Ce qui met aux prises le lecteur avec un style volontairement archaïque et travaillé, comme l’indique la très intéressante note du traducteur en français, Adam Tolkien, et avec un contenu largement différent de celui du Silmarillion. Car l’auteur dans sa création n’a jamais cessé de reprendre et de réécrire la même histoire. Le Silmarillion en est le récit condensé, et les Contes perdus une somme de textes riches et touffus, dont diffèrent les noms propres et la focalisation.
Car, nécessairement, le récit ne s’attarde pas sur les mêmes points d’une version à l’autre. Par exemple est détaillée la capture de Melko, le dieu du mal, alors qu’elle est mentionnée seulement dans le Silmarillion. Ainsi est-il donné au lecteur de voir par quel chemin et par quel travail déductif, de l’une, l’autre oeuvre a été publiée. D’ailleurs, chaque conte est suivi d’un commentaire presque exclusivement comparatif de l’éditeur.
On trouvera donc d’autant plus d’intérêt à lire les Contes perdus si l’on a en tête les textes du Silmarillion, l’oeuvre soeur. Ces contes étant développés et leur narration mise en abyme par les personnages d’Eriol le voyageur et de ses hôtes, ils semblent plus autonomes car plus consistants par rapport à leur version tardive, et en même temps liés entre eux par le récit parallèle du séjour d’Eriol.
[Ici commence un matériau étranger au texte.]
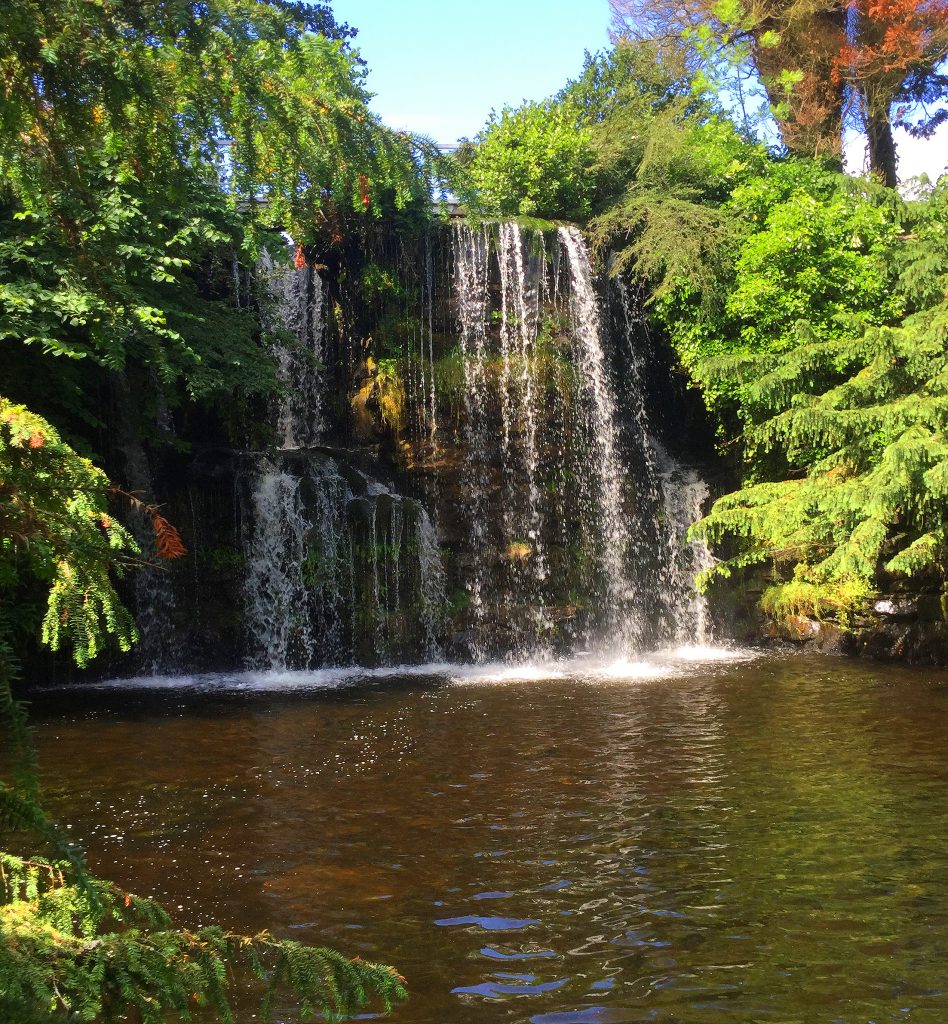 Waterfasll Japanese Water Gardens Stobo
Mais les Contes perdus ne sont pas qu’une version originale du Silmarillion, où serait donné au lecteur de l’approfondir. Leur correspondance doit mettre en relief leur génie respectif. Le Silmarillion commence par le commencement. Il interdit toute médiation entre le récit et le lecteur, tout en ne cessant jamais de les mettre à distance, par la mise en profondeur du récit, et donc, de plonger son lecteur dans les temps reculés et fictifs qui lui servent de cadre. Les Contes perdus quant à eux prennent l’histoire par la fin. Ils ramènent et convoquent le récit au temps du séjour d’Eriol, et ainsi, détachent l’histoire racontée du récit qui la relate.
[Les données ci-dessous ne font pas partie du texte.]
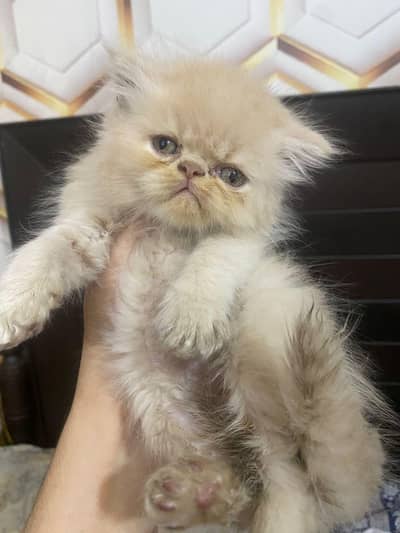 punch/Xpunch Kittens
Par ce procédé inverse, l’histoire donne au récit sa qualité de conte. Elle est enfouie pour être découverte et découverte pour être enfouie. Et c’est elle qui se plonge dans le présent. C’est le Premier Âge qui se donne à lire au lecteur compagnon d’Eriol. Tel est le génie des Contes perdus. Il est proprement littéraire car il est proprement fictionnel. L’auteur crée sa propre temporalité. Et dans cette illusion du temps, il plaque une ancienneté factice au monde, tout en feignant de mettre à jour son histoire. Il fait des Contes perdus un jeu de distances où l’histoire oscille entre son déroulement et son récit, et reste dans cette position si ambiguë et si intermédiaire.
Tolkien joue avec le temps sans doute plus qu’avec la chronologie de son univers. La narration est à elle seule une stratégie par laquelle il élabore cet univers, stratégie suprême, puisqu’elle en établit le cadre, la forme la plus fondamentale. Dans les Contes perdus, le lecteur retrouvera donc le même degré d’imagination que partout ailleurs dans l’oeuvre de Tolkien. Mais il trouvera aussi que le temps est sa fiction véritable.
enzo michelis
J.R.R Tolkien, Histoire de la Terre du Milieu. Premier Livre des Contes perdus, Pocket, 2015, 384 p. — 7,50 €.